Just see it for the last time because after reading further you’ll never see it this way ever again.
See the symbol once again. Do you see an ‘I’ and ‘O’ sign?
Does this broken circle with a line inside it look like 1 and 0?
The story of this symbol goes far back to World War 2 when engineers used the binary system to label power button.
In binary systems, 1 means “on” and 0 mean “off.”
Finally in 1973, it was standardized by International Electrotechnical Commission, IEC as a power button symbol.
You may have seen these power button too. Here we have to toggle between on and off, that’s why – there are different I and O.
Whereas these kind of buttons work for both On and Off, that’s why this symbol.
IEC 5007, the power on symbol (line), appearing on a button or one end of a toggle switch indicates that the control places the equipment into a fully powered state. It comes from the binary system (“1” means “on”).
IEC 5008, the power off symbol (circle) on a button or toggle, indicates that using the control will disconnect power to the device. It comes from the binary system (“0” means “off”).

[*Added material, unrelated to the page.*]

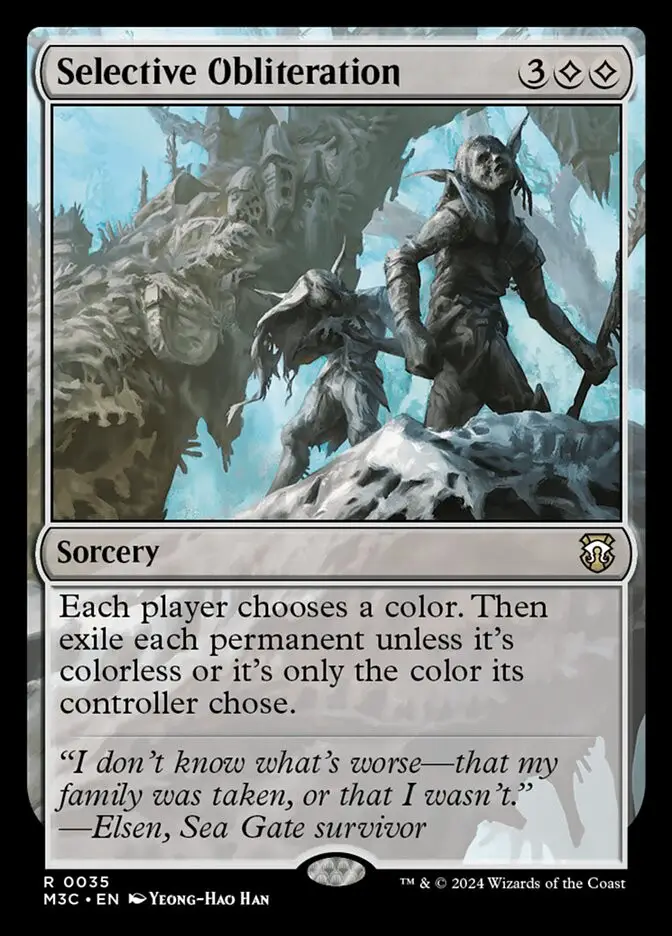 Selective Obliteration (Modern Horizons 3 Commander)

IEC 5009, the standby symbol (line partially within a broken circle), indicates a sleep mode or low power state. The switch does not fully disconnect the device from its power supply. This may appear on a toggle switch opposite a power on symbol, alone on a push-button that places the device into a standby state, or alone on a button that switches between on and standby. Alternatively, under IEEE 1621, this symbol simply means “Power”.